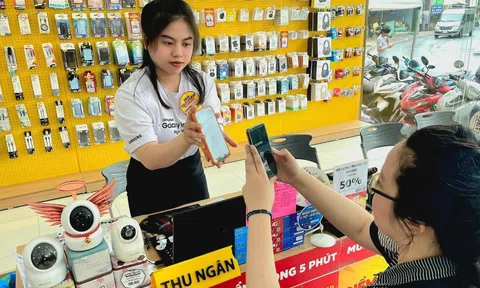 Nhiều chuỗi khác bắt đầu tham chiến mảng nạp - rút - chuyển tiền ngân hàng, Thế Giới Di Động có lo ngại?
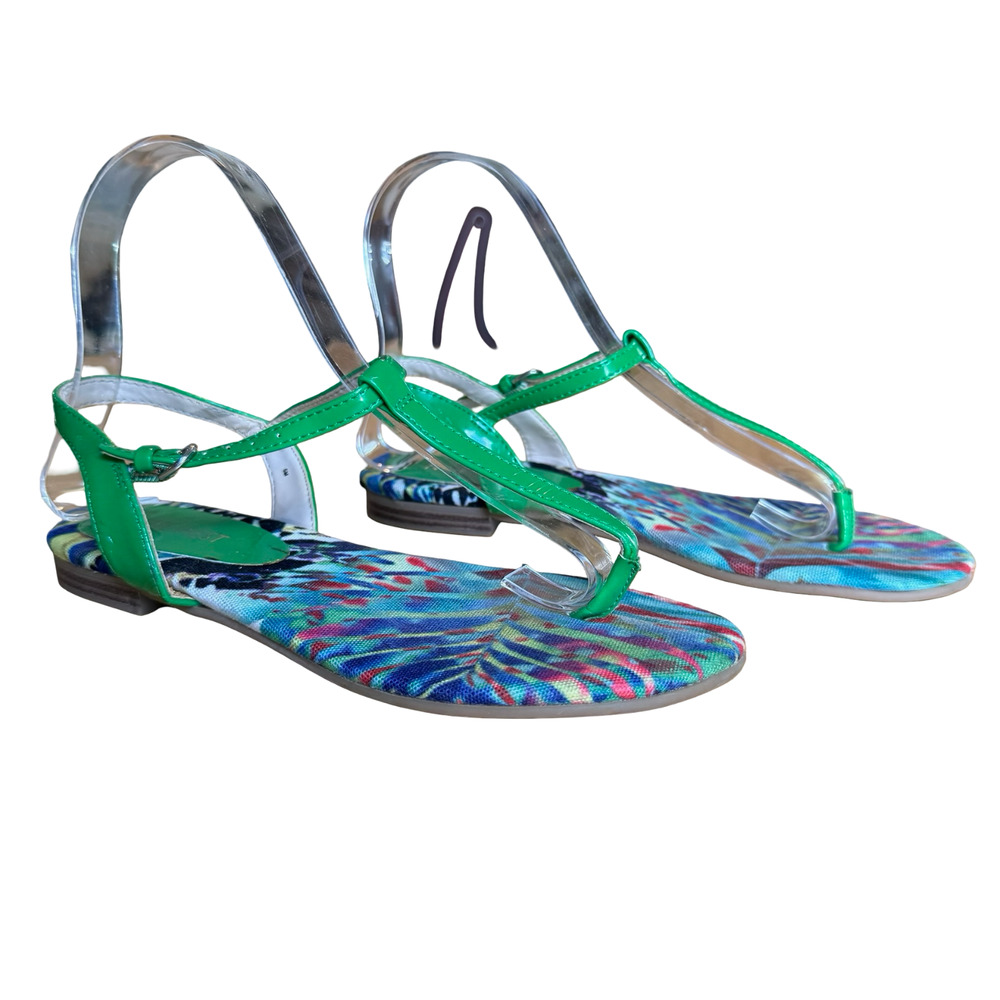 Nine West Zowieo Green T Strap Sandals Summer Resort Vacation Shoes sz 6 M
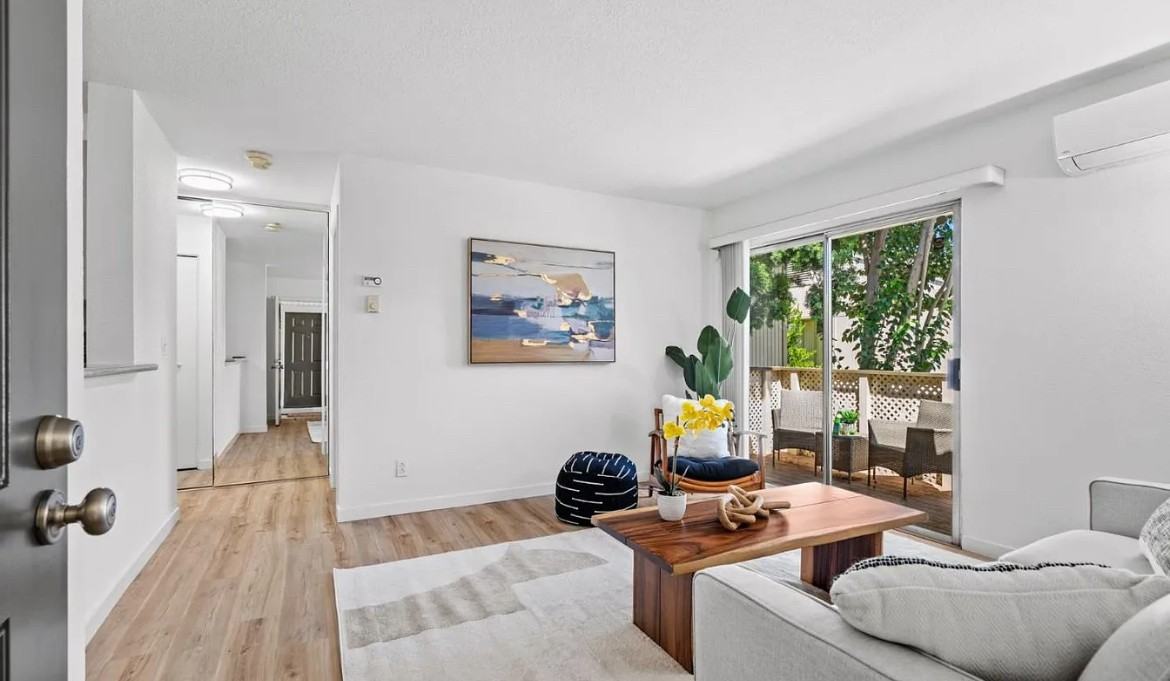 4068 Abbey Ter - Photo 2 of 12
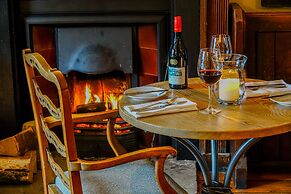 The Oak Tree Inn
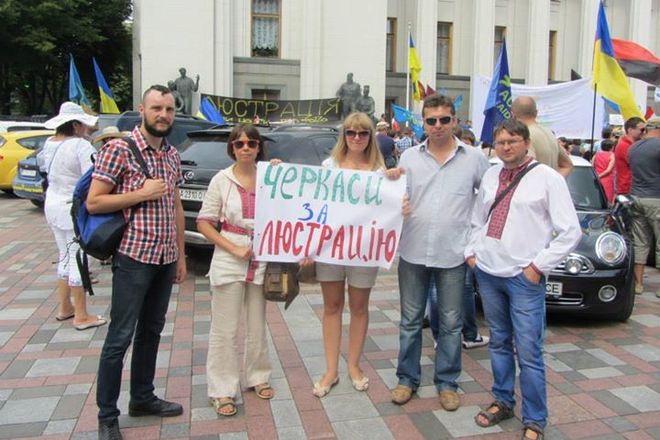 Вікторія Феофілова (друга зліва) з колегами з Люстраційного комітету на мітингу в Києві
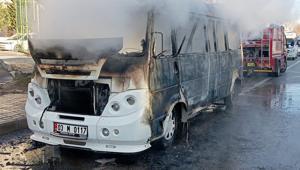 Minibüs yangında kullanılamaz hale geldi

___

YOUR OBJECTIVE – Write out, exactly and with nothing added, every line from the one that holds "The Oak Tree Inn" to the end of the entries above; pictures stay out.

WORKED SOLUTION –
 The Oak Tree Inn
 Вікторія Феофілова (друга зліва) з колегами з Люстраційного комітету на мітингу в Києві
 Minibüs yangında kullanılamaz hale geldi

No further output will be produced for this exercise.